In 2010, she was the Foot Locker Northeast Region's sixth-place finisher, and she placed 32nd in the national championship. She was 2010's Paul Short Run individual runner up, and she won the 1,600-meter race in the esteemed Penns Relay held in Philadelphia. In fact, she is one of six girls in the 117-year history of that event to seize the title twice.

Although Piccirillo is suited perfectly for the physical demands of cross country, the sport was not her first choice. She took up the sport and dedicated herself as a freshman with prompting from an older friend, Alyssa Taddie.

When she qualified for states and nearly won, despite training for her first love, volleyball, Piccirillo realized that cross country and track and field was for her. "Giving up volleyball and focusing 100 percent was one of the hardest decisions that I ever had to make," she explained.

Her dad, Bob, understood her dilemma. "Where do you see cross country? It's not like they have it on TV or anything. It is a grueling sport, vigorous training on a daily basis, which she has to do.

"Locally, she has been receiving a lot of well-deserved attention, and she's given some visibility to the sport as a legitimate choice. Hopefully, other girls may see the opportunities that opened up for Ang and see cross country as a credible choice, not just a sport to fall back on or to use to train for basketball or volleyball."

Driven to succeed

Both Piccirillos admit that the decision ultimately was a "no-brainer. It was by default, really," her father said. "The sport chose her."

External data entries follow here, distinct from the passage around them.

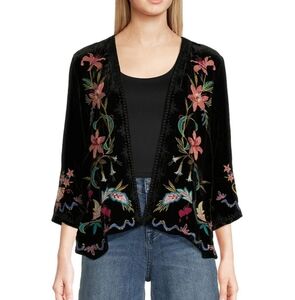 NWT JOHNNY WAS, this bolero size L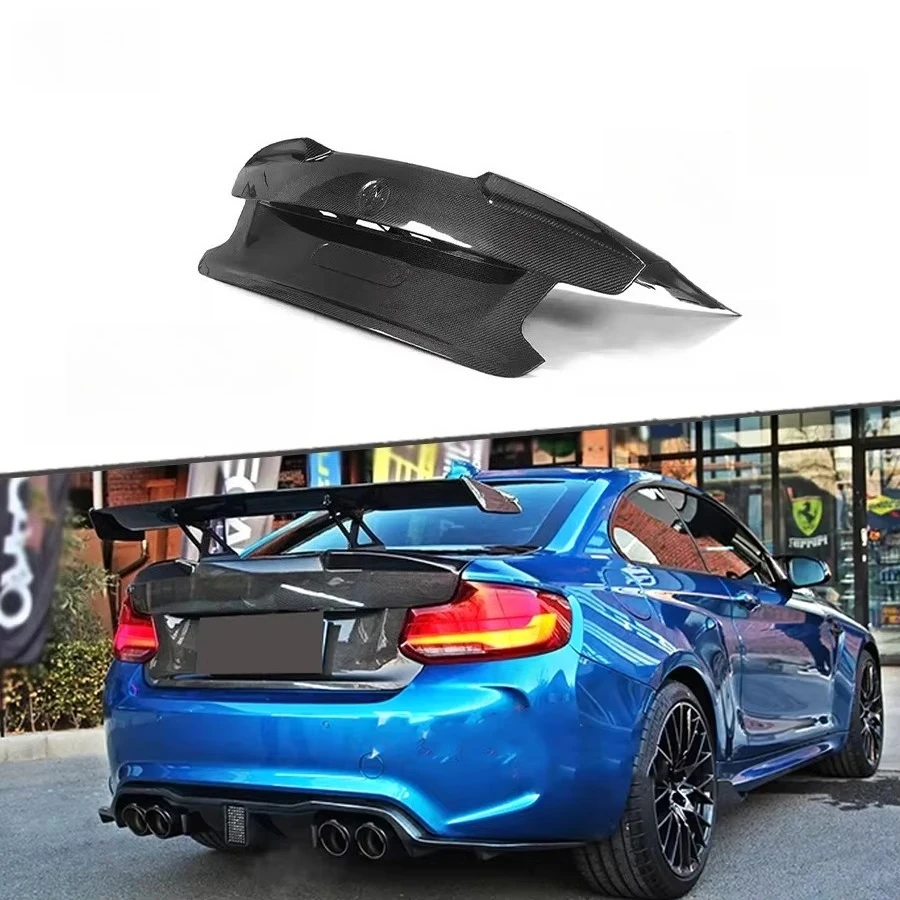 

Brand New For BMW M2 F87 M2C 2016-2020 Wet Carbon Fiber MP Style Rear Boot Cover Trunk Lid Replacement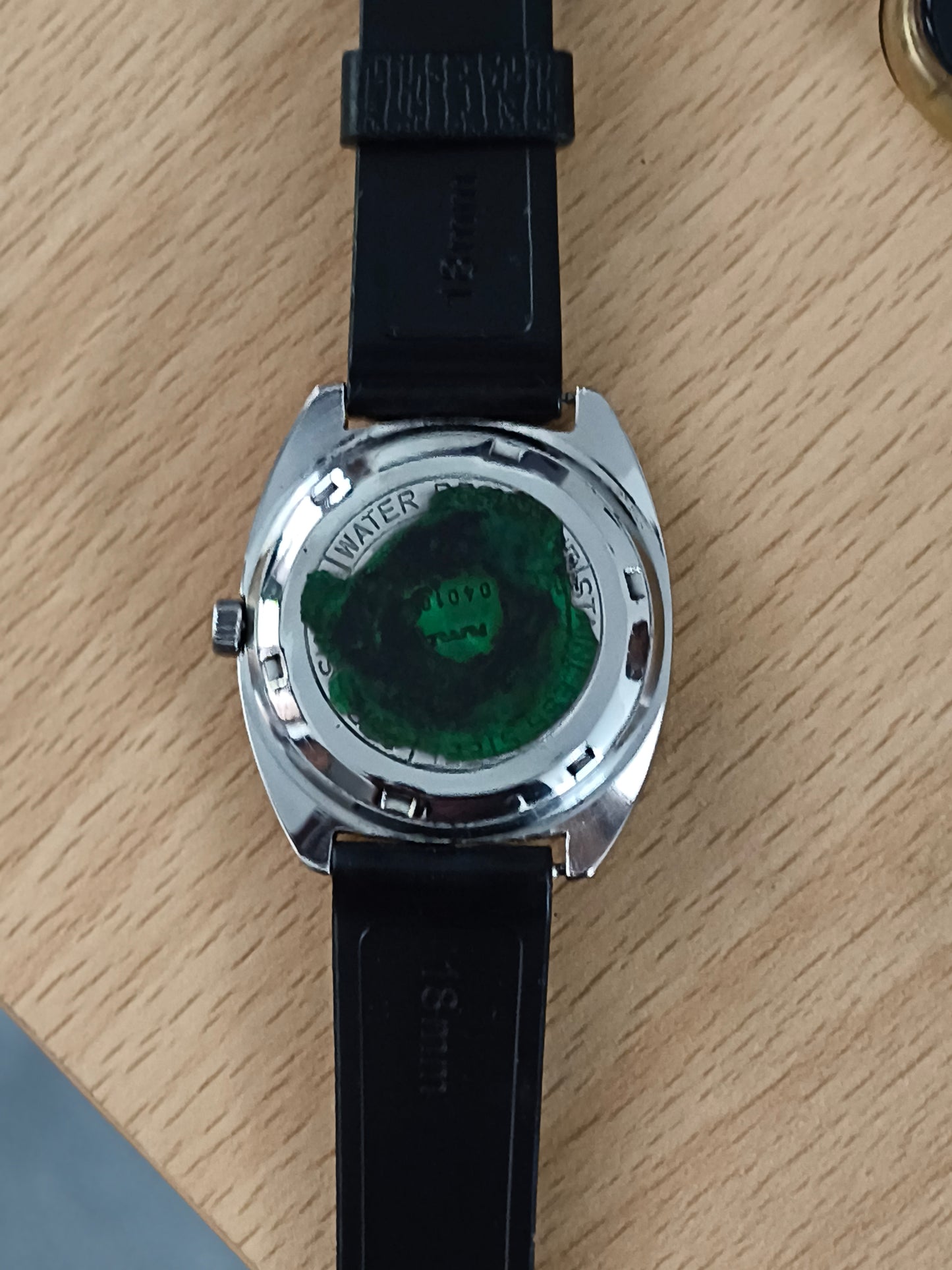 HMT Kohinoor Mechanical Hand-wound Watch with a Black Dial
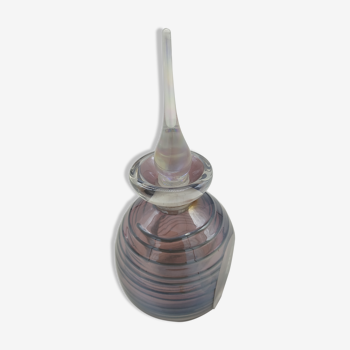 Flacon de parfum murano dans le goût de sommerso ou flavio poli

However the choice was made, her coach, Michael Gentile, has only one word to characterize Piccirillo as a student-athlete: "driven".

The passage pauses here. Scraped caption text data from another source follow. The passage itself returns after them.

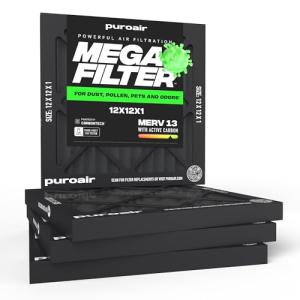 PuroAir MegaFilter MERV 13 - 12x12x1 (4-Pack)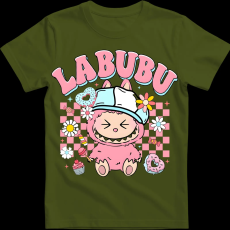 Createyou Labubu, rózsaszín - Gyermek - Sötétzöld - M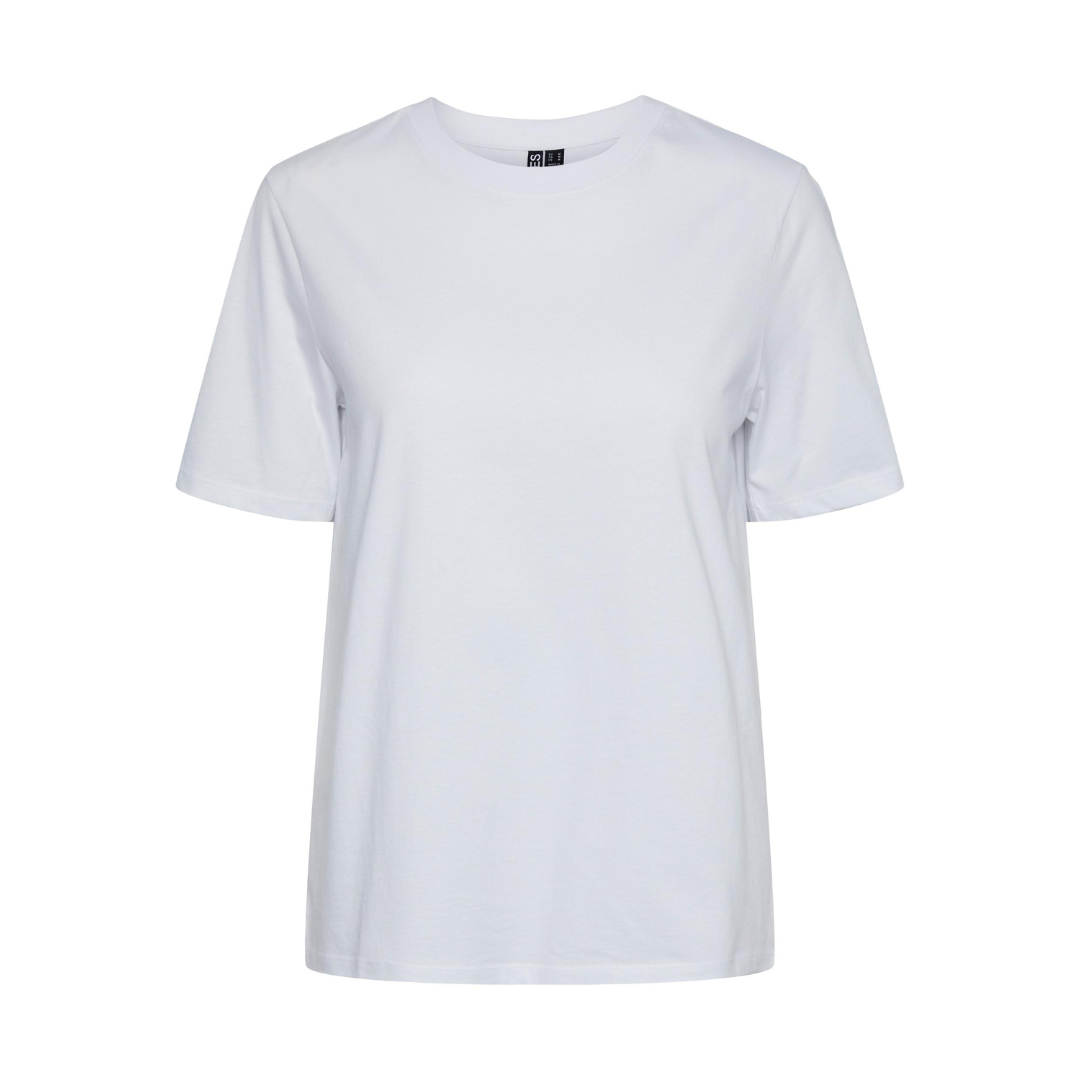 PIECES - T-SHIRT - RIA SOLID 17140802 - BRIGHT WHITE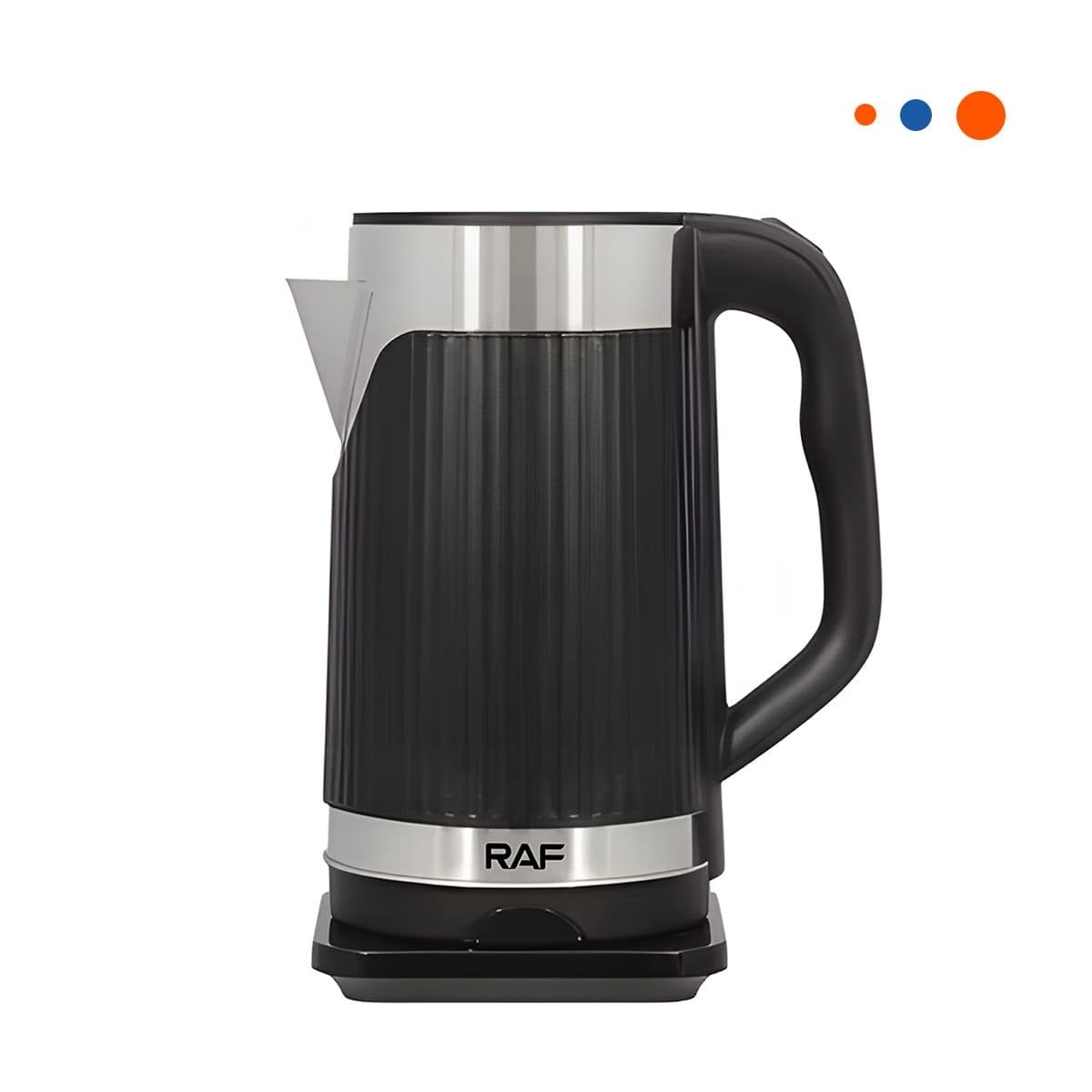 PACK4 CALENTADOR ELECTRICO DE AGUA 3.5L NEGRO DE ACERO Y ABS PARA CAFE YPAPEL REGALO - 3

"Her dedication and commitment to excellence as an athlete is only surpassed by her dedication and commitment in the classroom," Gentile said. "She doesn't settle for second best in any area. I honestly don't know how she does it, but it is exactly that type of wiring that makes her successful."

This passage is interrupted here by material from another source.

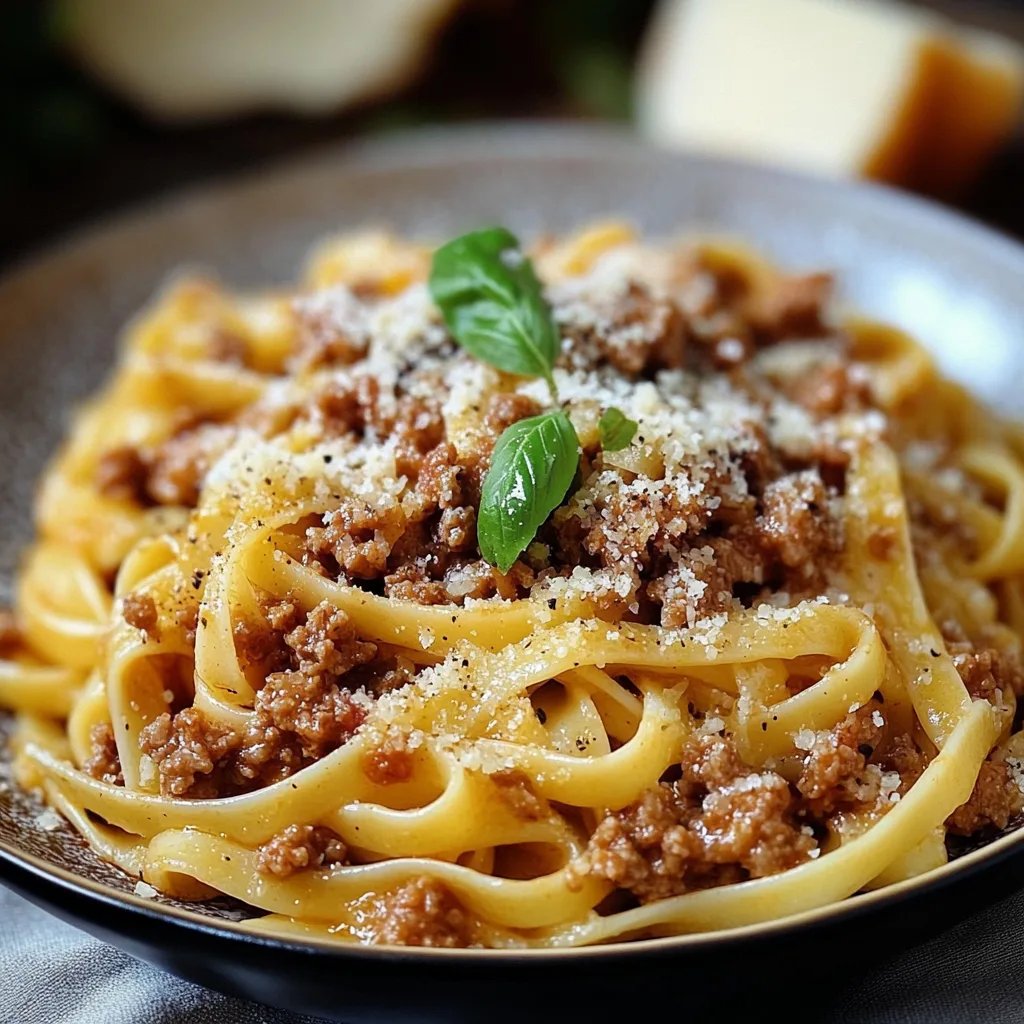 Weiße Bolognese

As an academic leader, Piccirillo is the vice president of the school's National Honor Society and of her senior class. She is involved in the student council, the Future Business Leaders of America, the Spanish Club and Varsity Club.

Gentile explained that coaching such a rare talent requires a commitment to reciprocate hers. The coach and athlete carefully picked the meets she would participate in, and this didn't always include Heritage Conference meets.

Her coach explained, "I have Angel travel around for her competitions, so as to do the best by her. To give her the exposure that she needs and to provide her with the challenges that she needs to improve."

Piccirillo's dedication has come with some sacrifices. Absorbed in academic and extra-curricular activities at school, she has very little time to slow down and enjoy the social aspects of her senior year.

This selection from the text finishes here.